On Sun, Apr 24, 2011 at 3:25 AM, Mike Meyer <m...@mired.org> wrote:
[massive snip]
>> Ah, I get it. You're arguing because you have some kind of *personal*
>> issue, rather than for any logical reason.
>
> Yup.

Well, then.

>> > Sure, a hardware glitch that affects the OS means you should reboot
>> > the system.
>> And assuming you can even detect that such a glitch has occurred at
>> all (what if one hits the code doing the detecting, or the memory that
>> it uses -- or the operating system, in a way that affects that code?)
>> can you detect whether or not it hit the operating system?
>
> If your hardware doesn't take a parity fault or correct the data most
> of time it tries to read such data, you need better hardware.

We're discussing (only) whatever gets through such countermeasures, obviously.

> Anything that needs the data that's corrupt needs to be killed - which
> means that user process if the data is in user space.

But you have no way of knowing, in general, where the affected data
is, unless you have only single-bit errors and the whole system is
full of parity checks from the bottom on up (slow!), whereupon
ASSUMING there's never more than one error in a given short period of
time and ASSUMING the error-detection isn't ever itself hit by it then
you can have some sort of bus-error signal halt the affected program.
And even then, if it hits a critical OS component, boom! Blue screen
time.

> The kernel will be fine, because it can't have used the bad data without
> triggering the fault.

Unless of course the fault-detection stuff is part of what gets
affected.
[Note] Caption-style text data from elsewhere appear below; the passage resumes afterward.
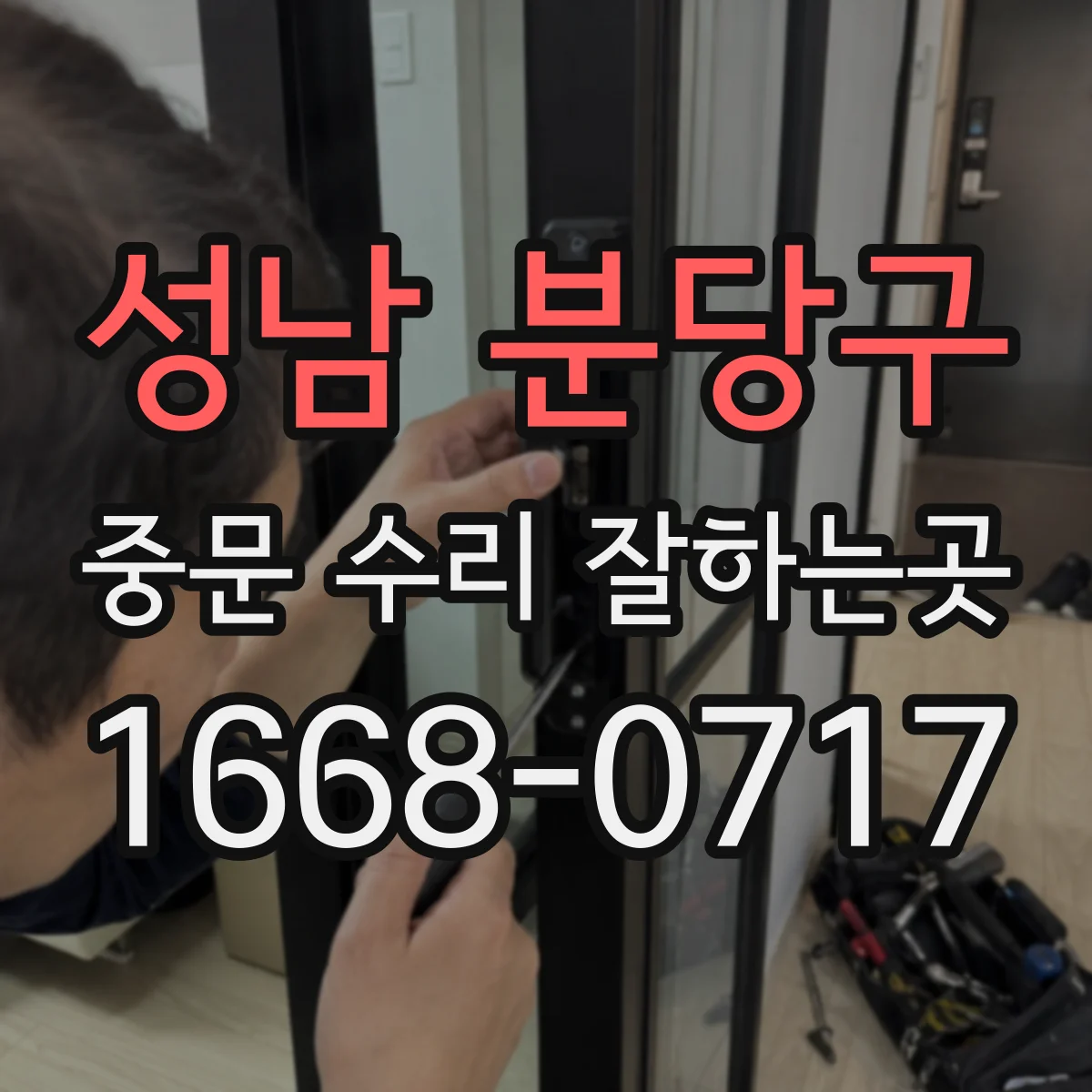 성남 분당구 중문 수리 잘하는곳
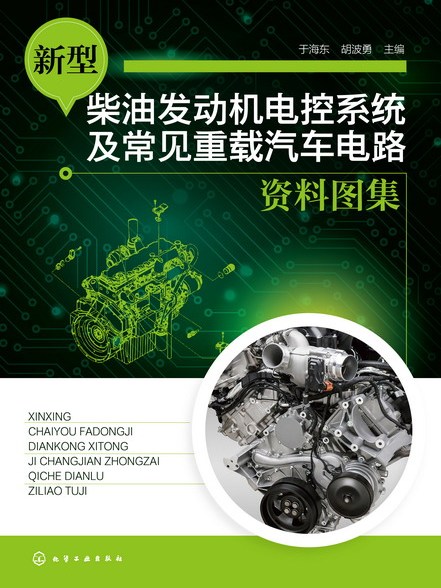 新型柴油發動機電控系統及常見重載汽車電路資料圖集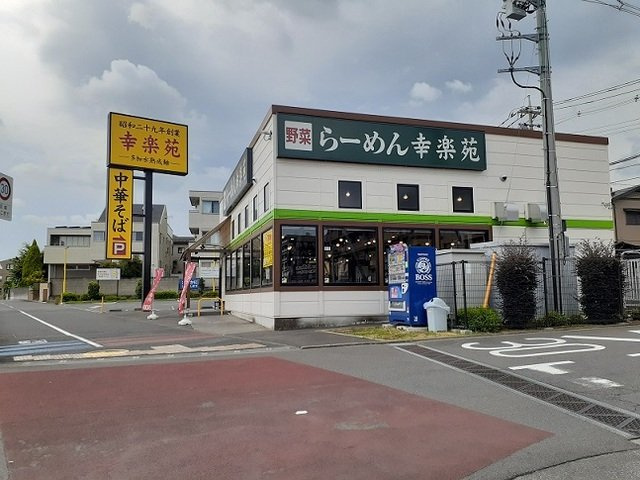 ヒルサイドハウスⅢの周辺|幸楽苑　さいたま大戸店まで800m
Then all bets are off.

>> Obviously there's little point in rebooting absent *some* evidence
>> that something is wrong.
>
> Exactly. If the kernel isn't complaining about something, that's
> exactly what you have - absence of evidence that something is wrong
> with the kernel. Some user process failing for an unknown reason
> doesn't provide any evidence that something is wrong with the kernel.
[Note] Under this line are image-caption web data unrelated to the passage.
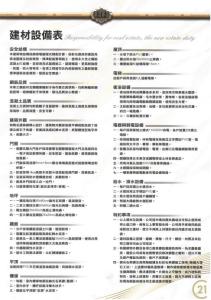 中華段, Beidou Township, Changhua County 521, 台湾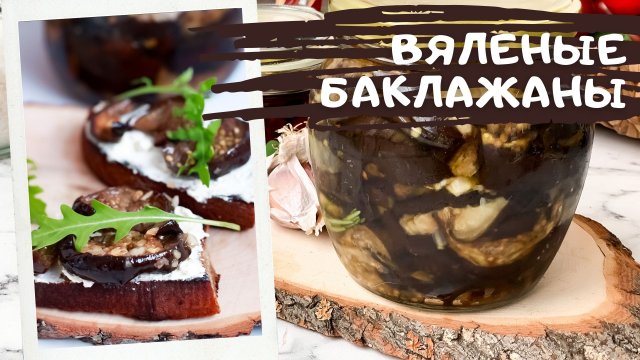 Эти баклажаны улетели за один раз! Вяленые баклажаны в масляно-уксусной заливке| Oven-Dried Eggplant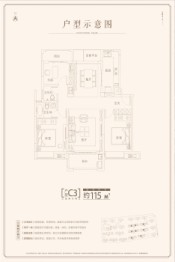 安庆金大地天元府3室2厅1厨2卫建面115.00㎡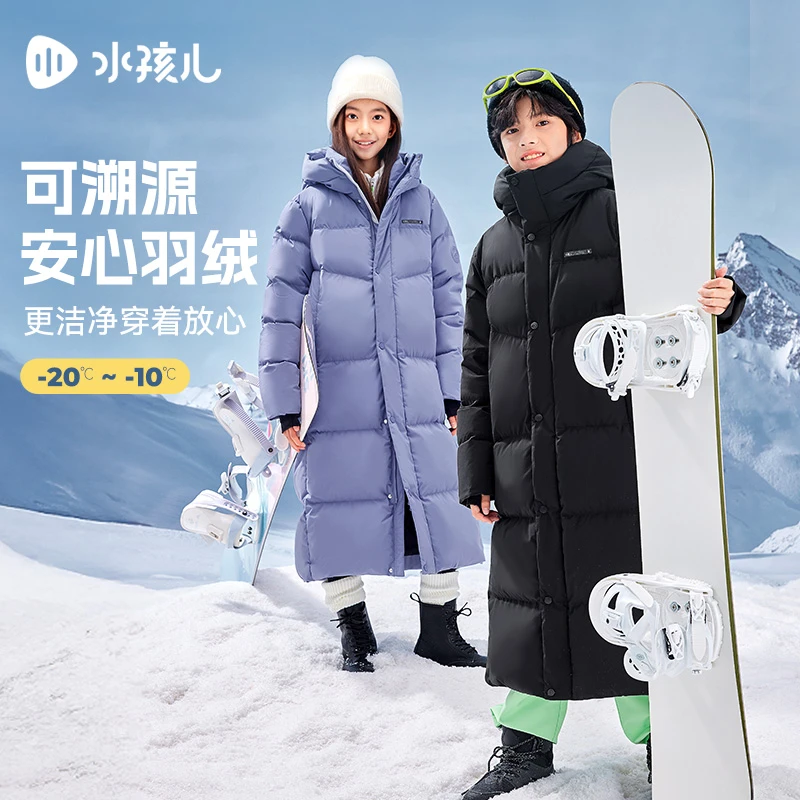 【极寒系列】水孩儿童装2024冬新款女童羽绒服男童外套加长款三防款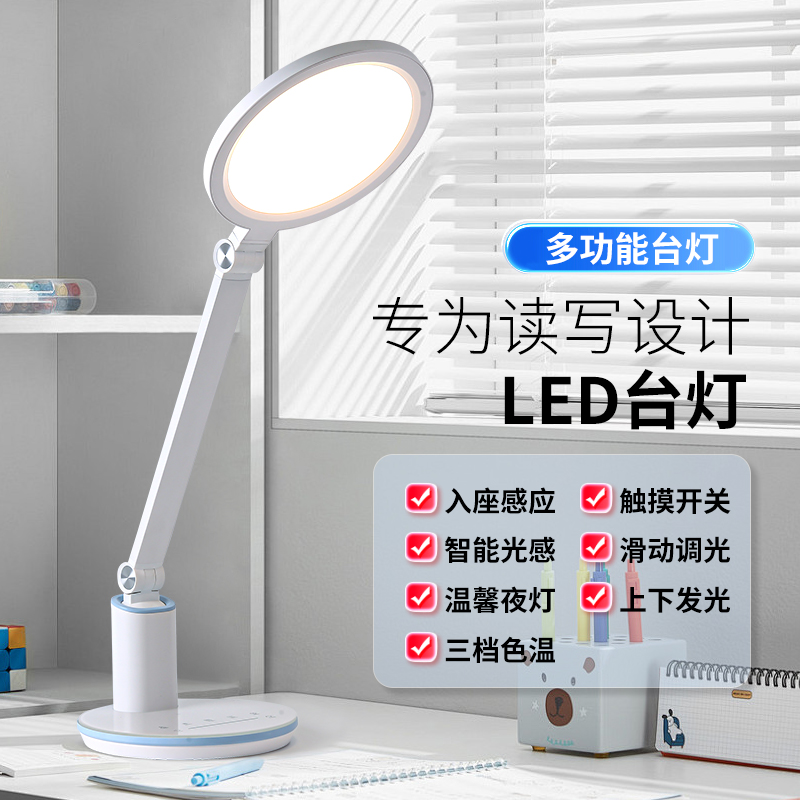 河洛科星台灯HKJ5个高清大图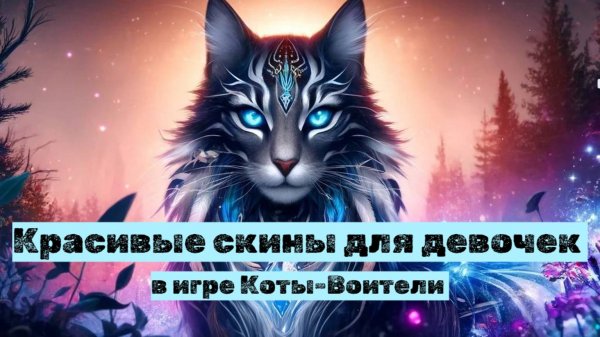 СКИНЫ для девочек Коты Воители Роблокс | Warrior Cat Roblox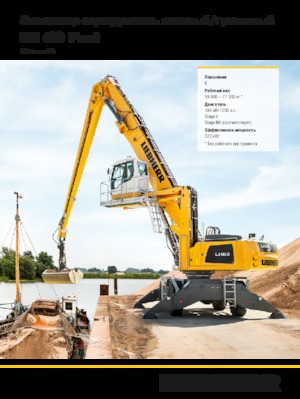 Graafmachines in overslaguitvoering Liebherr LH 60 M Port Litronic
As I said, depending on the user process and how rock-solid it is if
run on an ideal zero-fault hardware (e.g., a mathematical Turing
machine), a fault in it may be evidence of a hardware failure that
might have affected more of the system, or may have hit the OS in such
a way as to make it "blame" a particular userland process (for
instance, by generating a false positive in a fault detector -- well,
a true positive, since there really is a fault, but one which hits the
very bits used to specify the fault location, perhaps, or something of
the sort).

> Since neither the JVM bug nor the OS bug get fixed by restarting the
> system, and the process that has glitched will most likely be fixed
> equally well by restarting it as by rebooting the system, there's no
> evidence to indicate a problem that would be helped in any way by
> rebooting the system.

You're ignoring the third possibility, hardware glitch, which was the
whole reason for this digression to begin with. That may be fixable
only by restarting the system. And in the event it's an OS bug, the
bug itself may not be fixed, but its consequences (temporarily) will
be, given that the bug apparently lets the OS run normally for a while
before tripping over its own shoelaces. Restart it and it will run
some more before eventually tripping again, and progress can still be
made, though with annoying interruptions now and again.
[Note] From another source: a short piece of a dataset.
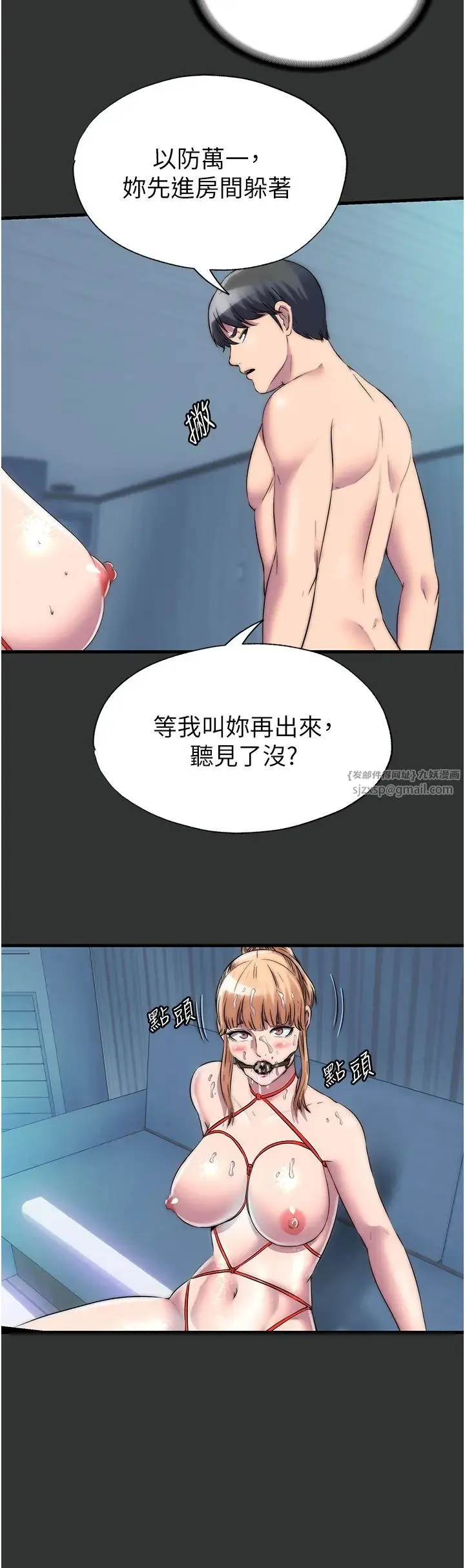 禁锢之慾 第39話-頂弄大奶妹的性感帶 第11页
>> > Nah, hardware glitches are either localized, in which case restarting
>> > just the address spaces that failed is sufficient (and has proven so
>> > in practice for years), or they're systemic, in which case you'll have
>> > failures throughout the system. It's pretty easy to tell the
>> > difference between the two and deal with them appropriately.
>> Easy for who? The system administrator? I thought we were considering
>> automated means of recovering faulting systems here.
>
> Easy for automated systems to deal with. "Foo is failing repeatedly,
> quit restarting it and escalate the issue" and "Multiple failures on
> foo, create an escalated issue" are both standard behaviors for
> application monitoring tools.

That's a heuristic approach. But it assumes that a lower-level fault
(OS, or hardware) would keep striking the same userland process. In
all likelihood, a fault that was affecting low-level features of the
system and manifested as crashes in userland processes would hit many
such processes, with long intervals between hitting a particular one
twice. So you wouldn't get "foo is failing repeatedly"; you'd just get
"there's been a higher-than-typical rate of segfaults system-wide
lately", and I don't know if this signal would rise above the noise
given a typical Unix box populated with C programs full of dodgy
pointer arithmetic. :)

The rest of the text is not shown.